Don’t submit to temptation – well, don’t submit without the input of your agent and loan officer.
Depending on your situation, there are some corners that might be okay to cut – the ones that will have very little impact on the eventual outcome of your real estate endeavors. But give the pros you ‘hired’ the opportunity to give you their input before you unilaterally skip steps on your original action plan. If you tell your agent you need to cut your property preparation budget down by a bit, they can help you decide where the corners you cut will have the least impact on your home’s overall presentation to buyers. If your loan officer says that paying a particular credit account down by $4,000 instead of $5,000 won’t really do too much to your qualification status, you might be fine kickstarting your house hunt a few months before you had planned to.
Unfortunately, it’s all too common to see homes where the sellers have poured cash into great, fundamental repairs and neglected some essential, inexpensive cosmetic items – or buyers who have fallen just a tad short on cash or credit and end up scrambling to boost one or both under pressure. Bring your professional team into the conversation before you cut any corners, and ask them to help you understand and minimize any consequences of cutting costs.
5. Failing to read documents all the way through. Hundreds of your signatures will be requested and required during the process of buying or selling a home. But perhaps the single-most expensive way real estate consumers stab themselves in the back is by failing to read and understand nthe documents they are given – from contracts to disclosures to inspection reports and even closing/loan documents – all the way through.

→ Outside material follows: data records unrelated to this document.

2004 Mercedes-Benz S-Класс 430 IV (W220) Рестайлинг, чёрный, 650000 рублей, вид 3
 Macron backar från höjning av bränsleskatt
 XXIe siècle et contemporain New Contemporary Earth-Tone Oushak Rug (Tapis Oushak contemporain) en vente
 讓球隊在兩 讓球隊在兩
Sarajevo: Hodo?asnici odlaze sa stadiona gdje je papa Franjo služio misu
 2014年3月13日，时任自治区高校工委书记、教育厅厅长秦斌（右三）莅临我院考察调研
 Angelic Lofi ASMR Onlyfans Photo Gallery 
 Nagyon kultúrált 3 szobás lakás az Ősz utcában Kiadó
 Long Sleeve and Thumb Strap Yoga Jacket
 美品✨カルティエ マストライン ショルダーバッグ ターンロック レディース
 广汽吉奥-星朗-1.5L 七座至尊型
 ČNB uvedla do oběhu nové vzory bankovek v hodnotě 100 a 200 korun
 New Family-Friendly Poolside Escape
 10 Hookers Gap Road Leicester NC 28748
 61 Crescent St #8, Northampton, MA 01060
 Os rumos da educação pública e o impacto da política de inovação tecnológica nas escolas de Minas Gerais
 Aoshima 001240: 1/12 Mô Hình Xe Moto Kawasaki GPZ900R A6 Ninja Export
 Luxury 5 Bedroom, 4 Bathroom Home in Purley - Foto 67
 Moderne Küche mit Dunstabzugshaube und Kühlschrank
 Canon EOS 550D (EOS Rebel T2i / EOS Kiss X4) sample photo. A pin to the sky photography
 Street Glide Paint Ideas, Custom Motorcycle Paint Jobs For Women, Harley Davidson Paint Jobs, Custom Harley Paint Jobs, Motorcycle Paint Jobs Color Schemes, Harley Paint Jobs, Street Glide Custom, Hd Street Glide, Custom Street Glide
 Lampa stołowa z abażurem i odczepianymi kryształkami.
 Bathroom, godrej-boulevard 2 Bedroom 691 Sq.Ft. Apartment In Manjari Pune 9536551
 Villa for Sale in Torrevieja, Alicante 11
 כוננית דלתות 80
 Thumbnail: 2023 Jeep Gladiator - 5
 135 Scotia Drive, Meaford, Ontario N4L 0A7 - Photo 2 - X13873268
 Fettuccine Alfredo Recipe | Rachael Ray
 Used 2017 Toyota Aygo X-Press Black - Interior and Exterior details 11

Many a condo owner has been surprised to learn that they are being assessed a hefty special bill for common area repairs, when that “surprise” was predictable from a few of the hundred pages of HOA disclosures they received before closing escrow. Seller disclosures can be cryptic and boring, but also often contain red flags to guide buyers and their inspectors to the real areas of concern. (Their guiding power is nil if you don’t read them, though.)
And the same goes for sellers – your agent should read and help you understand offer(s), buyer’s inspection reports and requests for repairs or credits, estimated closing statements and everything else, but ultimately you are responsible for reading and understanding all of these influential, binding documents before you sign them.
So read them. And don’t be afraid to ask questions or insist on clarifications and corrections, if indicated. If you were quoted a certain interest rate or monthly payment, make sure that matches up to what you see in your closing docs – or that you understand and accept the reasons why it doesn’t, before you sign. This sounds obvious, but you’d be surprised at the major lender-borrower disputes and buyer-seller legal dramas that have arisen over the years because of errors in loan or closing documents that could have been detected and resolved simply, easily and inexpensively before closing. Don’t be one of them.